Non-EU nationals wanting to work in Spain will need to obtain a residence visa and work permit. There are two main types of work permits in Spain, the Cuenta Ajena, for those who have an employment contract with a specific company, and the Cuenta Propia, for those who are self-employed or freelance workers.
The Cuento Ajena work permit application is generally undertaken by the hiring company. Once a job has been secured and a contract has been negotiated, the employer will request certain documents from the prospective employee and will submit a work permit application to the Spanish Ministry of Labour on their behalf.
After the work permit is approved, the Spanish government will send the expat a copy of the application, with the official stamp of the office responsible for their permit. Next, the applicant needs to collect all the documents required to apply for a work and residence visa, and submit them to their nearest Spanish embassy. Expats should keep in mind that many of these documents will need to be translated into Spanish and certified.

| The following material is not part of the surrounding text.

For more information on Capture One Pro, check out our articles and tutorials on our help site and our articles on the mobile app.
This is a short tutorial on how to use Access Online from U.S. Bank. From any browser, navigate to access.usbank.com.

Once the work and residence visa is granted, the applicant can then make arrangements to enter Spain within the timeline designated by the visa. Expats are usually granted a three-month entry window.
After arriving in Spain, expats can pick up their work and residence permit card, a simple bureaucratic process that merely requires an application form and passport. The card must be applied for within 30 days of entry at either the Foreign Nationals Office (Oficina de Extranjeros) or at a police headquarters.
Work permits are generally valid for one year and are renewable, provided the expat still meets the original requirements. After five years, expats will be able to apply for permanent residence in Spain.
Those moving to Spain as a dependant or non-worker only need apply for a residence permit, and not a work and residence permit. This permit is largely linked to the validity of the work permit obtained by the applicant’s working partner.